July 16: CMS issued a proposed rule on Requirements of Participation for Skilled Nursing Facilities. Comments were due on October 14, 2015 for the over 400-page rule that seeks to micromanage compliance and ethics programs, quality assurance and performance improvement (QAPI), and reporting of suspicious crime requirements. Not only are the demands completely out of scope according to providers, but so is the timeline and cost of implementation. The industry has submitted thousands of substantive comments in opposition of the rule and the dialog with CMS is ongoing.

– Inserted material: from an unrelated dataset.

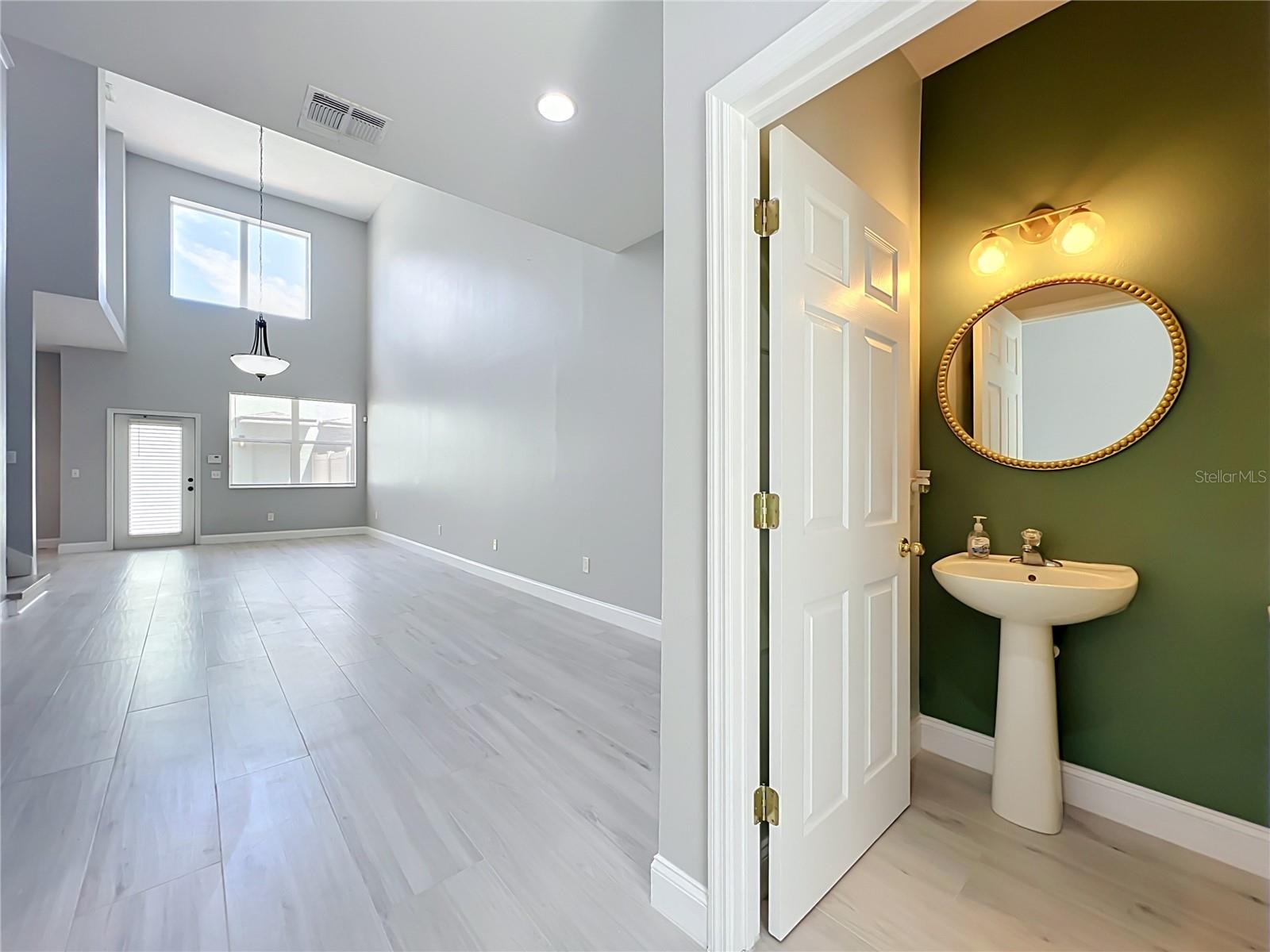 10157 Ridgebloom Ave Property Photo 4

August 3: Senator Thune (SD) introduced the Rural Health Care Connectivity Act of 2015 (S.1916). The Universal Service Fund’s Rural Health Care Program (RHCP) provides funding for telecommunication and broadband services used to provide healthcare to rural areas. S.1916 specifies that Skilled Nursing Facilities be included in the definition of healthcare providers that are eligible for this funding. This would allow beneficiaries to better connect remotely to all healthcare providers.
August 6: President Obama signed into law the Notice of Observation for Treatment and Implication for Care Eligibility (NOTICE) Act (H.R. 876). It was introduced in the House by Representative Doggett (TX-35) and Representative Young (IN-9) and followed with Senate leads, Senator Cardin (MD) and Senator Enzi (WY). The NOTICE Act requires hospitals to notify Medicare beneficiaries of their outpatient status within 36 hours, as a patient’s status affects their ability to receive Medicare coverage for post-acute services.

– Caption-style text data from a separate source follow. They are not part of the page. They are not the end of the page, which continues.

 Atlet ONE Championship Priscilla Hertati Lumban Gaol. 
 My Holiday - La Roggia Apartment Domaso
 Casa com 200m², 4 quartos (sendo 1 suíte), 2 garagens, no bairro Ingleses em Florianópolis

October 29: Speaker Paul Ryan (WI-1) is sworn into office and subsequently Representative Kevin Brady (TX-8) is elected as the new Chairman of the House Ways and Means Committee.
November 2: President Obama signs into law the Bipartisan Budget Act of 2015. This law suspends the debt ceiling until March 2017 and will fund the government for nearly two years. The only pay-for that will affect SNFs is the extension of the Medicare sequester an additional year, until 2025. There is also a cap on Medicare Part B premium increases included. The law repeals section 18A of the Fair Labor Standards Act (FLSA) which would have required employers with more than 200 employees to enroll new full-time hires in an employee health plan. This was a provision included in the Affordable Care Act.

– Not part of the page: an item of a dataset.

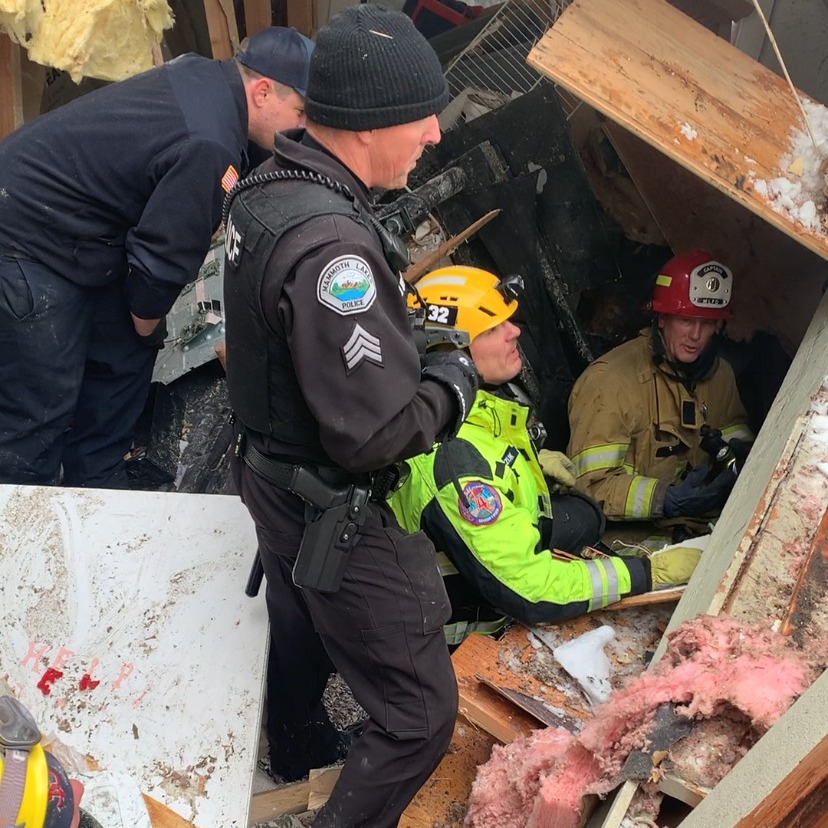 Cal OES rescue unit at Mammoth County Explosion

November 11: CMS finalized a new rule to establish the Comprehensive Care for Joint Replacement (CJR) program. This calls for a bundled payment program for all hip and knee replacement procedures in 67 Metropolitan Statistical Areas (MSA) throughout the country. The hospital will hold the bundle for the entire episode of care, which is defined as the time of surgery through 90 days after discharge. This rule allows for all SNF providers with a three-star rating or higher to apply for a waiver of the three-day stay requirement beginning in year two of the program. This five-year program is scheduled to begin April 1, 2016.
December 18: President Obama signed into law the Consolidated Appropriations Package, which is a combination of the $1.1T Omnibus spending bill and the tax extenders bill, totaling almost $2T. The Package has approximately $3.5B of healthcare offsets and includes Medicare imaging cuts as well as a two-year suspension of the medical device tax.